先述のとおりFIREをするには、年間支出総額の25倍の資金が必要です。
年間支出総額は、年代やライフステージによっても変わります。
そのためリタイア後の生活をしっかりと想定したうえで算出することが重要です。
また、住宅の購入や子どもの誕生といったライフイベントが発生したときは、さらに追加の資金が必要になる可能性もあります。
資金的にゆとりのある生活を目指すには、ライフイベントや不測の事態が発生したときに利用できる資金の確保も考慮しておきましょう。
ステップ2.収入と支出の見直しを図る
ステップの2つめは、収入と支出の見直しです。
必要資金を算出しても、収入が少ない、無駄な支出が多いといったときには、計画的な資金形成はできません。
FIREに向けて十分な資金を貯めるには、収支と支出のバランスを整えることが大切です。
支出が多いと感じるのであれば、不要な支出の削減を図りましょう。
収入が足りないときには、転職や副業により収入を増やすことも選択肢となります。
ステップ3.資産形成を始める
ステップの3つめは、資産形成のスタートです。
資産運用には株式や投資信託、不動産といったさまざまな方法があります。
それぞれの特徴やリスクを理解したうえで、自分に合ったものを選びましょう。
なお主な資産運用の特徴やリスクは、以下のとおりです。
なお投資におけるリスクとは、価格のブレ幅のことをいいます。
そのため、大きなリターンを狙うのであれば、ある程度のリスクを取った金融商品への投資が必要です。

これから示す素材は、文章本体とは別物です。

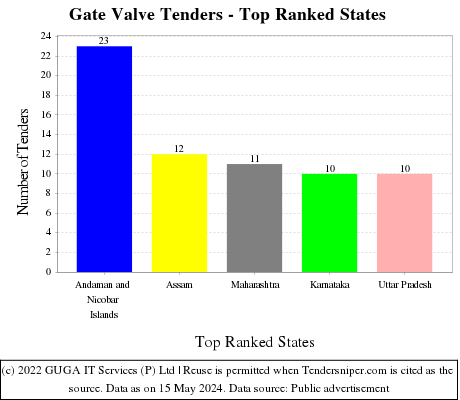 Gate Valve Live Tenders - Top Ranked States (by Number)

資産運用をする際には1つの種類にすべての資金を投資するのではなく、リスクとリターンのバランスを見ながらいくつかの種類に分散投資しましょう。
まとめ
FIREとは経済的自立を意味する「Financial Independence」と、早期リタイアを意味する「Retire Early」の頭文字を取った造語です。
ライフスタイルや働き方の多様化に伴い、FIREへの注目が集まっています。
FIREを達成すれば労働収入に縛られない自由なライフスタイルを実現できる一方で、それまで培ってきたキャリアが途絶えるといった注意点もあります。
FIREを目指すには、一般的に年間支出総額の25倍の資金が必要です。
まずは支出や収入を見直し、計画的な資産運用をスタートさせてはいかがでしょうか。